Fregene, Italy

Travel to Fregene

Fregenae (Greek: Φρεγήνα; Italian: Fregene), was a maritime town of ancient Etruria, situated between Alsium and the mouth of the Tiber. The modern Fregene is an Italian hamlet (frazione) of Fiumicino, in the Metropolitan City of Rome, Lazio. As of 2012 its population was of 6,445.

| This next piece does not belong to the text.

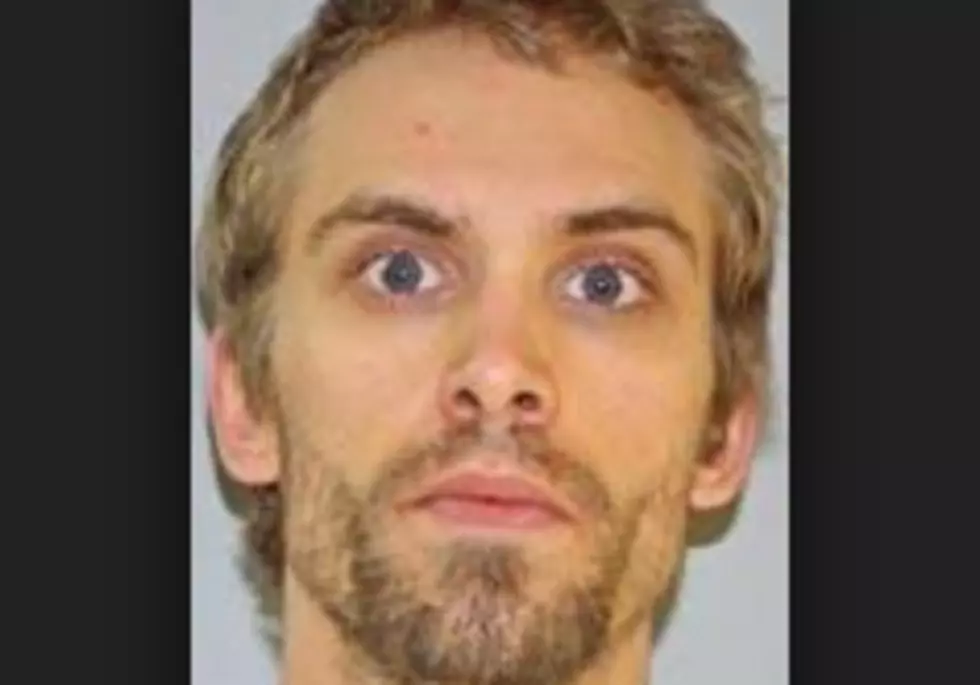 Minnesota Man Gets 10 Years in Fatal Overdose Case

Livy mentions Fregenae among the coloniae maritimae (xxxvi. 3); and there is every reason to suppose that it was established at the same time with Alsium, in 245 BCE, and that we should read Fregenae for Fregellae in Velleius Paterculus, where he speaks of the foundation of these two colonies. This is confirmed by the Epitome of the 19th book of Livy, where, though Alsium is not mentioned, the foundation of Fregenae is coupled with that of Brundusium, which Velleius refers to the following year. No subsequent notice of it occurs in history: its marshy and unhealthy situation probably prevented its rising to prosperity; and, after the construction of the Portus Augusti on the right bank of the Tiber, it seems to have gradually sunk into insignificance. Hence, though its name is found in Strabo, Pliny, and the Itineraries, it is not noticed by Rutilius in his description of the coast of Etruria, and no ruins now mark the site. But the distances given in the Itinerary of 9 M.P. from Alsium, and the same from Portus Augusti at the mouth of the Tiber, enable us to fix its position with certainty at a spot now called Fregene in the comune of Fiumicino.